Le parecía una persona decidida, segura de sí misma, con una vida casi organizada, a pesar de tener un año menos que él.
Mirko tenía cada día menos idea de lo que quería hacer con su vida, y no podía evitar admirar a aquellos de su grupo de amigos que parecían tener eso más que resuelto.
Como por arte de magia, ahora que se habían conocido Yaco y él empezaron a cruzarse todo el tiempo. Vivían lejos uno del otro, pero como trabajaban en la misma cuadra pasaban mucho tiempo del día cerca. Él siempre lo saludaba, aunque no se parara a hablar. Siempre le chocaba el puño, o le daba un beso en la mejilla, o lo saludaba agitando una mano si estaba apurado, pero algo hacía.
Y cada una de esas veces, Mirko se fijaba en algo diferente. Un día era que le gustaba su remera. Un día que tenía zapatillas nuevas. Un día que se había peinado diferente.

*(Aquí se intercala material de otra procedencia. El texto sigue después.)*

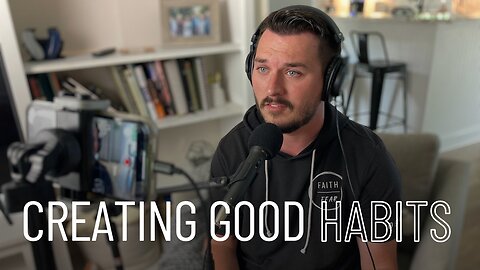 Episode 86 - Creating Good Habits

Muy pronto se encontró esperando el momento de verlo casi todos los días, y hasta desanimándose aquellos en que no llegaban a verse.
Entonces se dio cuenta de que todavía no tenía su teléfono, y decidió hacerle saber.
Un cierto día de sol en el que se habían sentado a comer en las mesas de la vereda de un restaurante, intentó escribir su número en una servilleta pero la lapicera que siempre llevaba encima le falló como si fuera a propósito. Por suerte, Yaco se rió y le dio su celular para que se agendara directamente.
Le resultó raro, pero sintió que él le tenía confianza y eso le gustó.
Durante bastante tiempo no se hablaron por llamada o mensaje porque no fue necesario. Realmente se veían casi todos los días, y los que no, tampoco tenían nada de que hablar.
—¿Qué hace además del trabajo? —le preguntó Mirko a Alfonso en algún momento en el que se juntaron a hablar.
—¿Por qué no le preguntás a él?
Su amigo no respondió enojado, al contrario, levantó las cejas y sonrió, como para agregar un "ya que te interesa" a lo que había dicho.
Mirko se dio cuenta de que tenía razón. Se dio cuenta de que se veían casi siempre, pero no hablaban casi nada. Y quería que eso cambiara.